→ WHAT YOU WILL DO:
How many lines in the records below contain the word "container"? Reply with that number only.

START INPUT FOR THIS TASK

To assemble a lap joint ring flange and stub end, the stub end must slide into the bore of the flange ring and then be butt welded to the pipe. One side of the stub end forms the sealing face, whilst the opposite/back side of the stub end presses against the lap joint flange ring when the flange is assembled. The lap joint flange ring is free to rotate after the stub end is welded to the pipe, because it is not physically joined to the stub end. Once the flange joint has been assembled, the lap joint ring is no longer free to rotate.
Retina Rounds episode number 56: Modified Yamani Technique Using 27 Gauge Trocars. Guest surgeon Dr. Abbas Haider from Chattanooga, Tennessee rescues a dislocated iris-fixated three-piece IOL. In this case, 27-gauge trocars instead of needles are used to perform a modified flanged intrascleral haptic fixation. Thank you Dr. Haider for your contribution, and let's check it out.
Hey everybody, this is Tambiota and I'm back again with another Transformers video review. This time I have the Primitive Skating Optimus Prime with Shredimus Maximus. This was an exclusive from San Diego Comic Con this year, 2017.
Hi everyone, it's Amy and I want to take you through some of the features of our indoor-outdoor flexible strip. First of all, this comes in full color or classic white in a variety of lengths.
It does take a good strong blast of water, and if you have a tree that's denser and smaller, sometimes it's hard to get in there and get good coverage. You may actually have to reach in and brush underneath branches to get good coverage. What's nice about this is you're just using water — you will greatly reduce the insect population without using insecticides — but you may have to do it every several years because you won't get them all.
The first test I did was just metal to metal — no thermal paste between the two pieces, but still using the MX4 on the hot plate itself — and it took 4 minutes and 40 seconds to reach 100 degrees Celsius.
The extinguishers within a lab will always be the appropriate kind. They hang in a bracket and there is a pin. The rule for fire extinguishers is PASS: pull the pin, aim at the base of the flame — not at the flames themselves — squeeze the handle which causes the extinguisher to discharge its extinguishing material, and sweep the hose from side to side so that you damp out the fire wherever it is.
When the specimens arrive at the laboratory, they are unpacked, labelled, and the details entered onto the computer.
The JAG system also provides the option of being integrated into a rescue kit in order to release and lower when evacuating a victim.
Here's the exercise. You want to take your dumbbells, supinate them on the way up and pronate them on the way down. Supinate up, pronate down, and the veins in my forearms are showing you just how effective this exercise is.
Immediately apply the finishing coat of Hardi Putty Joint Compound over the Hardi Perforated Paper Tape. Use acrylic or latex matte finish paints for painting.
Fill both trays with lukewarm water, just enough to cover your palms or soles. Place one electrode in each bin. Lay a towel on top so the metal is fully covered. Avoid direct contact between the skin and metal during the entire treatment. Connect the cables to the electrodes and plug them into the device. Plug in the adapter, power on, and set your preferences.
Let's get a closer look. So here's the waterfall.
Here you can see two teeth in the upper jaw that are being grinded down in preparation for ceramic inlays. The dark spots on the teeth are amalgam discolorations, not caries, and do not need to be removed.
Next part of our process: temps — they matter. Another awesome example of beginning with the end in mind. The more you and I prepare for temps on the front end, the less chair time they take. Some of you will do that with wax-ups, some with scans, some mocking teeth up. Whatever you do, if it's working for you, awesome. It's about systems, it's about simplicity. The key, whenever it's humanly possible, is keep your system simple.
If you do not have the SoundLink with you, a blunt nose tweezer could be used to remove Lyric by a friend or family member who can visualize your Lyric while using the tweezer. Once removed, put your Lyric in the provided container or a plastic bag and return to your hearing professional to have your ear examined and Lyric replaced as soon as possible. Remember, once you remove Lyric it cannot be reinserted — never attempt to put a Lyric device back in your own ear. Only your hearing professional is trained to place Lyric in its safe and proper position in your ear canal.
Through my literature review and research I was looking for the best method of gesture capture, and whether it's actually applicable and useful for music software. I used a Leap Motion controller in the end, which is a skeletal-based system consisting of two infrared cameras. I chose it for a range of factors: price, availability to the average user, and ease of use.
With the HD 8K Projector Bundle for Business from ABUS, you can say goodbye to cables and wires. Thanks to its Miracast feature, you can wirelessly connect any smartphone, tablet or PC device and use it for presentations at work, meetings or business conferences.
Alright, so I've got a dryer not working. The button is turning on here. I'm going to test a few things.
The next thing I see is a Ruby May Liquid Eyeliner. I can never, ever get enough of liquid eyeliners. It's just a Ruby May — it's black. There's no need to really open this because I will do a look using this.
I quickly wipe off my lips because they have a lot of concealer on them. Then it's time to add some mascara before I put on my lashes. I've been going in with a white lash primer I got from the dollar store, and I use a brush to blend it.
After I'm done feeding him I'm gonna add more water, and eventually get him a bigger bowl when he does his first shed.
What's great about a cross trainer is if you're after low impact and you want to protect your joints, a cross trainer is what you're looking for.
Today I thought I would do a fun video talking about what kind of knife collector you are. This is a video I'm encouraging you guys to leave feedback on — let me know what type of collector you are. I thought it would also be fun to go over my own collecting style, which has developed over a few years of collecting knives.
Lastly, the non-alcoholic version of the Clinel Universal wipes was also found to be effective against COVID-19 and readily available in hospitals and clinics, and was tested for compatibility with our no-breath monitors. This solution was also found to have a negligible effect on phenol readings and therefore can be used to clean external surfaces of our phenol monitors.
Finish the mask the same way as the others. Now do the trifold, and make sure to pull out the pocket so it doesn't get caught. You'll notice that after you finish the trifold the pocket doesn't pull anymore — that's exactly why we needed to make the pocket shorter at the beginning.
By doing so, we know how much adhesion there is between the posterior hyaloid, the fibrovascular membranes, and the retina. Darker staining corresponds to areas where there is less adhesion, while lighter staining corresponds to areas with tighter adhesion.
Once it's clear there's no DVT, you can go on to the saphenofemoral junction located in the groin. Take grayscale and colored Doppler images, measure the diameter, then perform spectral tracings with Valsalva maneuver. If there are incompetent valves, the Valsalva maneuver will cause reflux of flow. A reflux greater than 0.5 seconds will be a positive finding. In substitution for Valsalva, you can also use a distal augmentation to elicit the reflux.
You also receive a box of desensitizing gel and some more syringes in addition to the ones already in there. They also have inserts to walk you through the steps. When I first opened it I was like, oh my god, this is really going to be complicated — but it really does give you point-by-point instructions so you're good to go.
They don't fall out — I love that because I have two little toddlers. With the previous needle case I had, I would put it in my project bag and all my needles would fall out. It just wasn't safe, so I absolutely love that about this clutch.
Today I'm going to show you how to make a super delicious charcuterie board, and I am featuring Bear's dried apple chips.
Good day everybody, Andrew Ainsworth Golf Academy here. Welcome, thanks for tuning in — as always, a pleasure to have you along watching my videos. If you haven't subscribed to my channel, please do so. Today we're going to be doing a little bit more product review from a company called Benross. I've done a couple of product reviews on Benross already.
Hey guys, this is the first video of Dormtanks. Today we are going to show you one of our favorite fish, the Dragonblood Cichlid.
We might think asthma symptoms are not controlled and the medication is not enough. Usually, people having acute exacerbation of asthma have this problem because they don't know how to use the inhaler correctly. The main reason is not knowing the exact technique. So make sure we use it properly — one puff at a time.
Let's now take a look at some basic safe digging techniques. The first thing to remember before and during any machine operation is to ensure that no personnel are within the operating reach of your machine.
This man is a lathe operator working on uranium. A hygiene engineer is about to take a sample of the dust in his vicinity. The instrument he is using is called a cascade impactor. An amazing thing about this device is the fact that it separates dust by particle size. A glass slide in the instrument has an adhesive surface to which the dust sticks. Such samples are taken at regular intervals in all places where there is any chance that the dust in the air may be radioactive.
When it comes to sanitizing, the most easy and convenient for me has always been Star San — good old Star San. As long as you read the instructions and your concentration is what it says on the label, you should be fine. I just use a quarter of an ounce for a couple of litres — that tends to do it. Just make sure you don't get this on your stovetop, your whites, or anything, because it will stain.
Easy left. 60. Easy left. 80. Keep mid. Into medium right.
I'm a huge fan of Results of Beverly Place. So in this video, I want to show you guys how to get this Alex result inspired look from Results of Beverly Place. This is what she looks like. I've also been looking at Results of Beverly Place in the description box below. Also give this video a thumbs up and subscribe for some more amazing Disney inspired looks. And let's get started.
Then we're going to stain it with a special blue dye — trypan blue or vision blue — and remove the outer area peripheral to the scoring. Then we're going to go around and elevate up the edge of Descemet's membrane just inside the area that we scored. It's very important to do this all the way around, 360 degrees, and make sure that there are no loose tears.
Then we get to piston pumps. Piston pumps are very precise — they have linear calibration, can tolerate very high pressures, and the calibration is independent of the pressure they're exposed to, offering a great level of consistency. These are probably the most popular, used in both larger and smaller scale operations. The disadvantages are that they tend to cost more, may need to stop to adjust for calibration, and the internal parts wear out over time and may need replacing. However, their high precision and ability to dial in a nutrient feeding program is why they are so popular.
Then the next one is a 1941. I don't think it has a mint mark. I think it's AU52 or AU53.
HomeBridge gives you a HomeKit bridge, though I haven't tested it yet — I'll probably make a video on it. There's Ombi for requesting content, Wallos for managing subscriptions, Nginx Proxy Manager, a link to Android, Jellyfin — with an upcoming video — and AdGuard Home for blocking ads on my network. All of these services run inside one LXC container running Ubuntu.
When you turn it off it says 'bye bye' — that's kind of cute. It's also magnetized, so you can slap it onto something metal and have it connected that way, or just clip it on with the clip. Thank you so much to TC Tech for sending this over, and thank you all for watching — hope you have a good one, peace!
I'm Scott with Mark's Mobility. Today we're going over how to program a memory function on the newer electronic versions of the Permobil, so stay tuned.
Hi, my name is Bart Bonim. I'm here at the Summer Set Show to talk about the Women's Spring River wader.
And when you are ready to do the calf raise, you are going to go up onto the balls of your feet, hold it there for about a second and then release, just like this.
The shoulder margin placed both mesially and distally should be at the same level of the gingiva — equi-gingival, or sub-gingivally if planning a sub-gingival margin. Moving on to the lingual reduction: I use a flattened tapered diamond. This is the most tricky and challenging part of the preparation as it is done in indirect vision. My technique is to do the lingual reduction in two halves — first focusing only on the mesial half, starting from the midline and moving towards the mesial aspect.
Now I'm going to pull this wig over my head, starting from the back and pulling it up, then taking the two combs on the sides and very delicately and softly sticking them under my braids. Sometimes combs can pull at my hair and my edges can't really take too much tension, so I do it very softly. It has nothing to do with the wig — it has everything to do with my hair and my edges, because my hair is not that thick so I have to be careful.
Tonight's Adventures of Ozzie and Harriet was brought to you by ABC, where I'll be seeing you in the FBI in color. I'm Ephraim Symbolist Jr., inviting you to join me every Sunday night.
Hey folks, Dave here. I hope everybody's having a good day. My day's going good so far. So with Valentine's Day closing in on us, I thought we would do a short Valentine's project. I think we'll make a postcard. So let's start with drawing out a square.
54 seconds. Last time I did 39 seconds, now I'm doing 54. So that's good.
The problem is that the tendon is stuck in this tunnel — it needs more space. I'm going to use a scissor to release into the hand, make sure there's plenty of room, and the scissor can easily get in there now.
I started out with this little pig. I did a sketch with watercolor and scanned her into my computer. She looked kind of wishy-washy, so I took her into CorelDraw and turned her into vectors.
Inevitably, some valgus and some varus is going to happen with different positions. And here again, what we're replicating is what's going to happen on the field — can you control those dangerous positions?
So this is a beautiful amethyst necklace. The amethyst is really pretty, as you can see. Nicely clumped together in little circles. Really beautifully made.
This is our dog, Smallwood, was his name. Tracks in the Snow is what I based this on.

END INPUT FOR THIS TASK

→ FINAL ANSWER:
2